CoreLogic predicts record summer for property market
The CoreLogic House Price Index (HPI) for December shows nationwide property values continued to accelerate over the month, increasing by 2.6%. This takes growth in the final quarter of the year to 6.1% – a rate not bettered since the three months ending February 2004 (6.6%).
Index results as at December 31st 2020
In Tauranga the quarterly rate of growth exceeded ten percent (10.2%), which is an extraordinary figure and something last witnessed in May 2004 (10.5%), when the average property value was just over $350,000. That average value has now increased to $876,122 – up from less than $800,000 at the end of September 2020.
The quarterly rate of growth in Masterton is yet another step higher at 17.4%, while other provincial centres to exceed 10% quarterly growth include Whanganui (11.2%), Porirua (10.9%) and Gisborne (10.4%) with Palmerston North just shy at 9.6%.
Highlights over the 3 months to December 2020
Looking back to the start of the year, property values in Gisborne have increased by more than thirty percent (30.4%), which has seen the average property increase in value by almost $120,000 to smash the half million dollar mark at the end of December ($514,212).
The factors influencing such a rapid rate of capital gain include record low mortgage rates and tight inventory which has seen demand outweighing supply. Stronger than forecast economic conditions have buoyed consumer sentiment at a time of unprecedented global uncertainty.
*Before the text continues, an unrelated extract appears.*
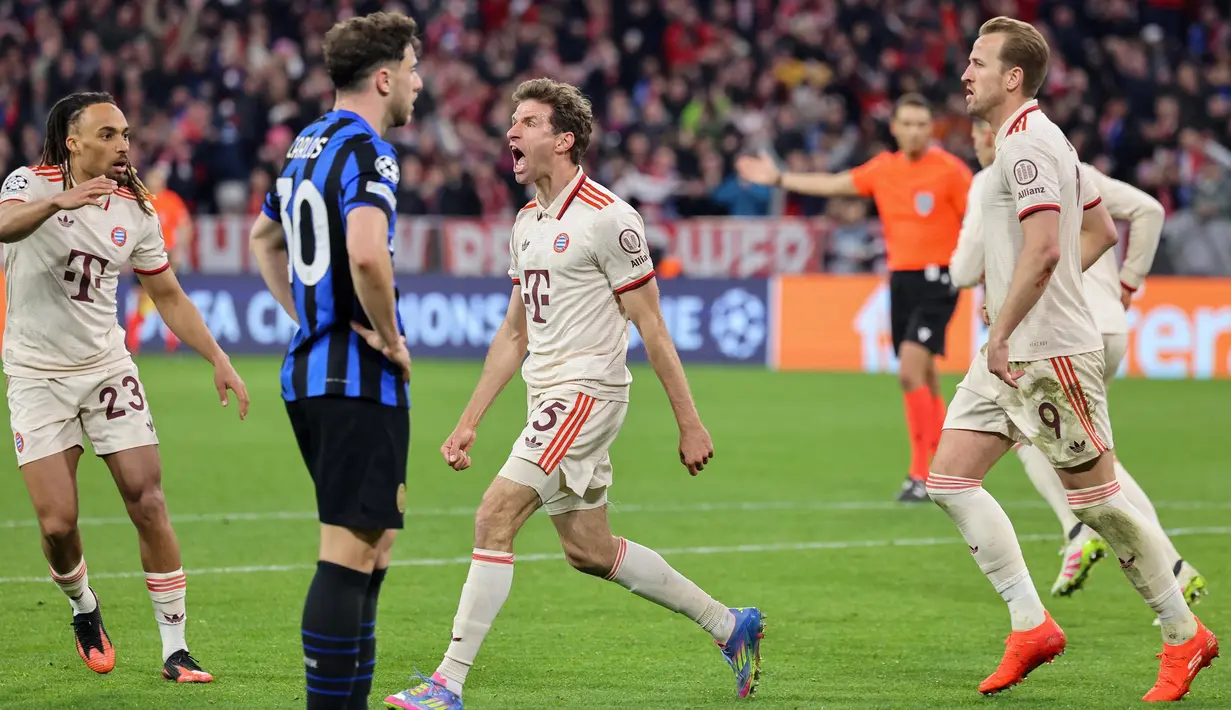 Pada menit ke-85, Thomas Muller berhasil mencetak gol penyeimbang. (Alexandra BEIER/AFP)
It is clear that New Zealanders are looking towards property as a safe investment and the most attractive asset for wealth accumulation.
Rolling change in property values, national
Furthermore, areas with a lower average value typically mean a greater number of eligible buyers and hence greater competition leading to stronger growth.
With consistent messages regarding the need to protect that wealth, coming from both the Government and the Reserve Bank of NZ (RBNZ), the risk factor of property investment has, on the face of it, reduced, which only encourages greater investment.
House Price Index – Main Centres Relative to December 2003
Without any major policy change regarding property in the works, the long term affordability of the property market is reliant on significantly increasing supply, which is a slow moving factor. So for now, all indications are that the fervent growth in property values will continue throughout the summer at least.